* **Available data**:
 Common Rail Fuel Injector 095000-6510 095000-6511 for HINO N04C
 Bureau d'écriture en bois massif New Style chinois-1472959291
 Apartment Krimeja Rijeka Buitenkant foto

...

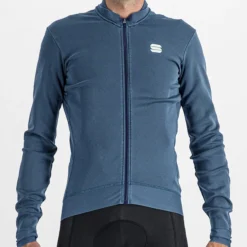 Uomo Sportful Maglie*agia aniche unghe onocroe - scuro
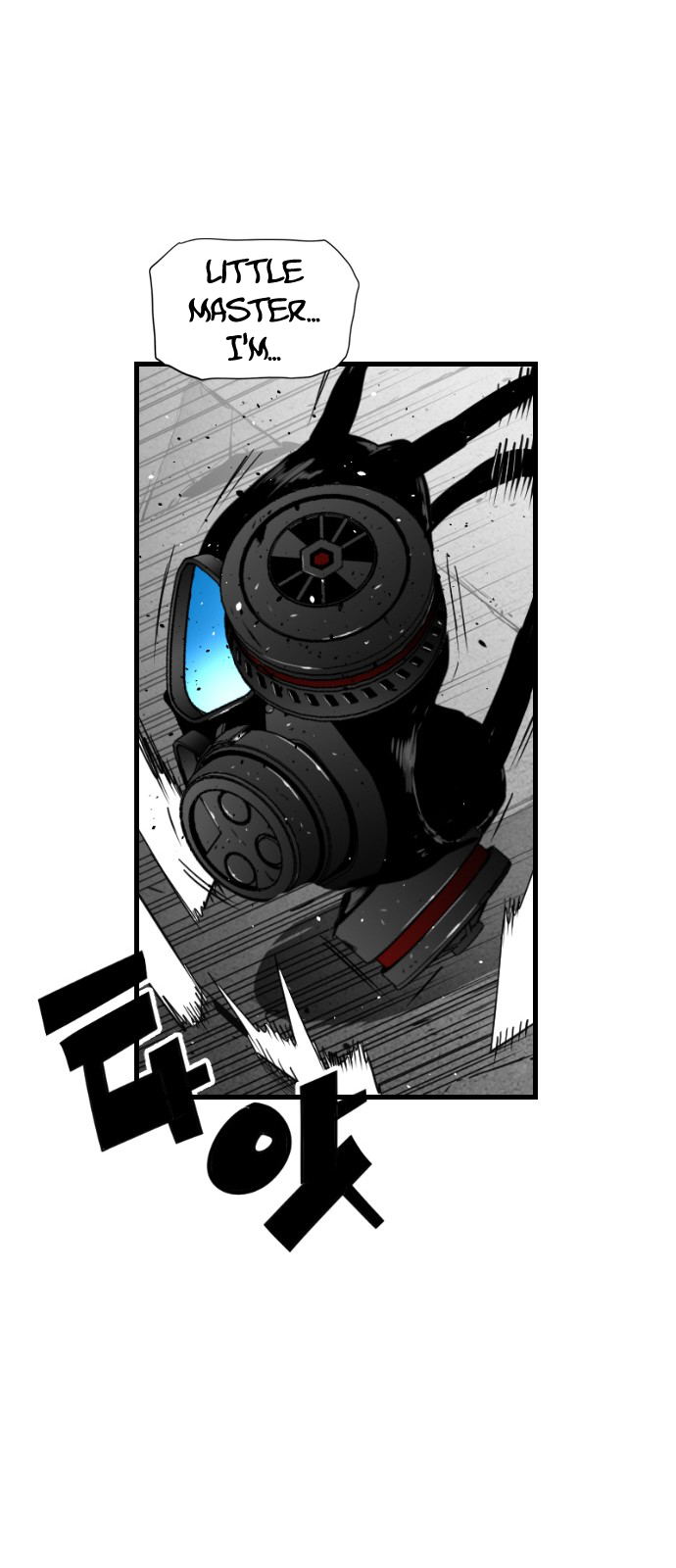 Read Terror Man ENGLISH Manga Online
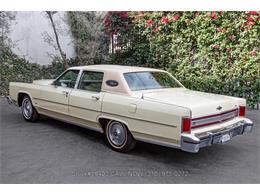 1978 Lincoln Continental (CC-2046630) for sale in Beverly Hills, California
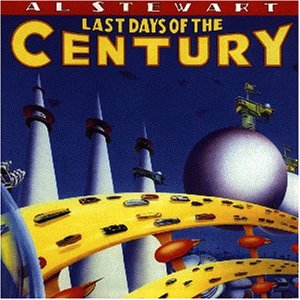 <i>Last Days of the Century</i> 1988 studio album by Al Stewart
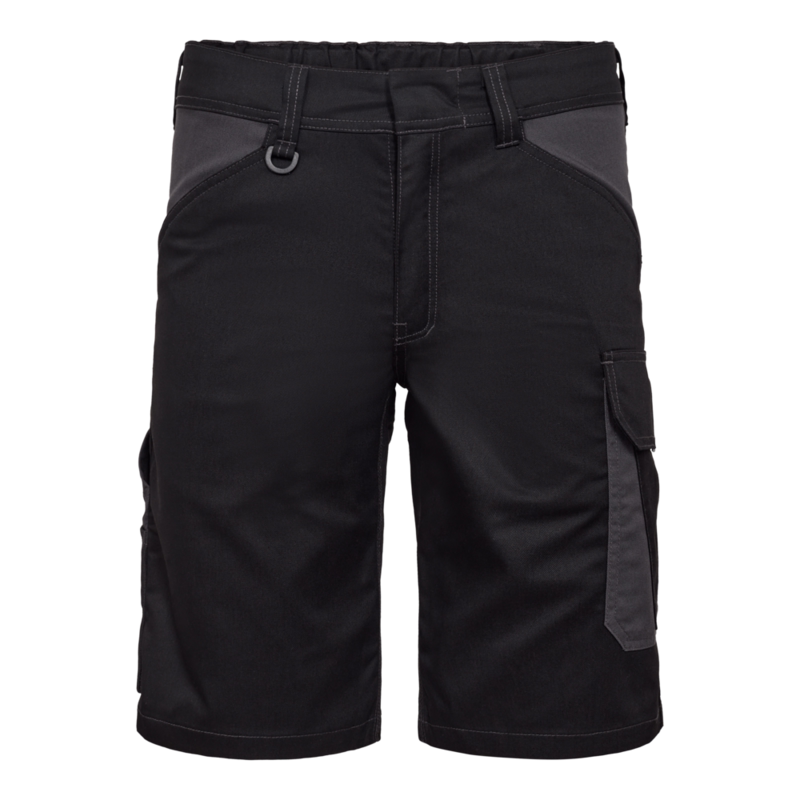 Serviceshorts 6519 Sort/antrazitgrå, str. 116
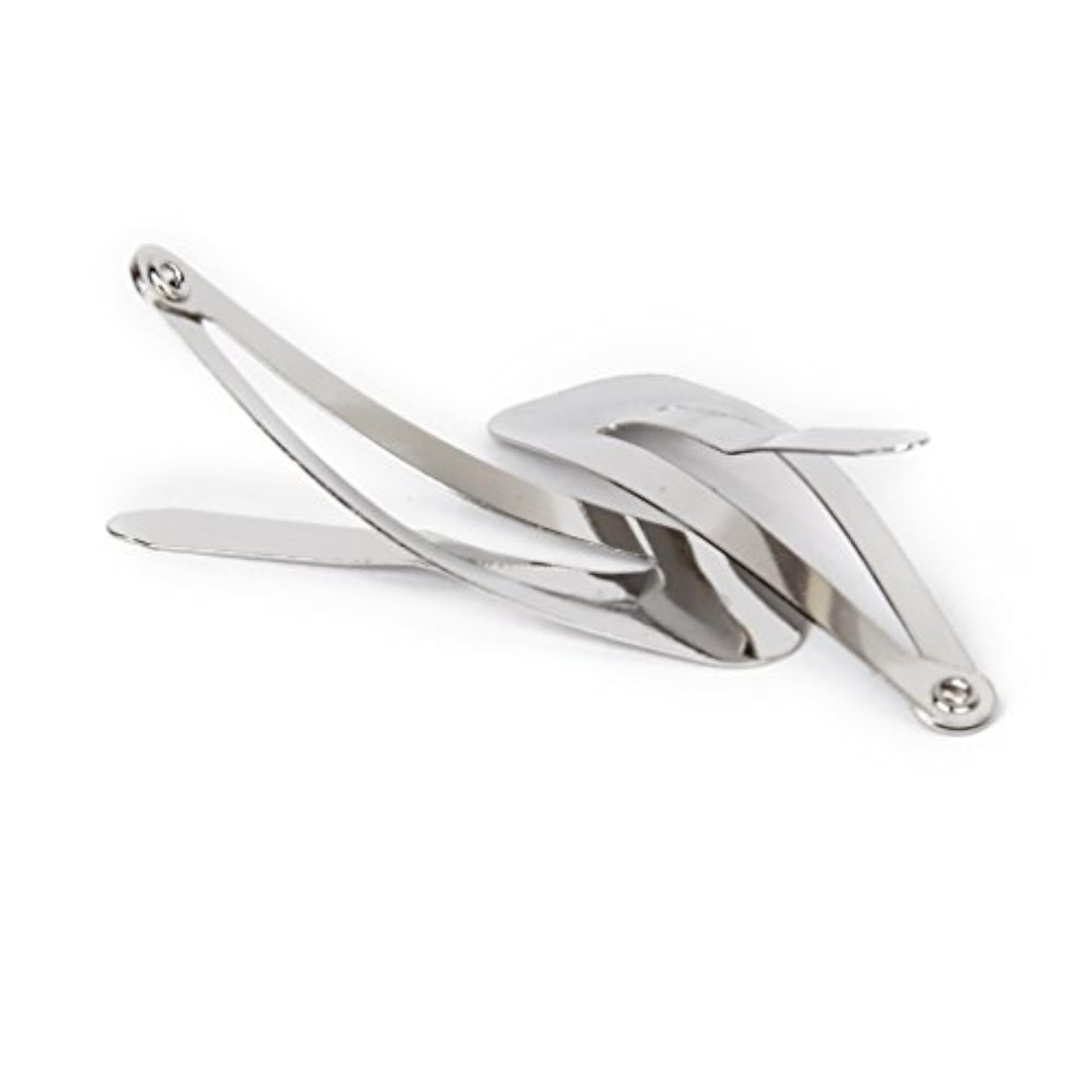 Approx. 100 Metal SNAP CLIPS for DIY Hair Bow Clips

* **The problem**: Repeat, word for word, the lines above between the line holding "Bureau d'écriture en" and the line holding "Apartment Krimeja Rijeka Buitenkant foto", inclusive; omit everything else.

* **Response for this exercise**:
 Bureau d'écriture en bois massif New Style chinois-1472959291
 Apartment Krimeja Rijeka Buitenkant foto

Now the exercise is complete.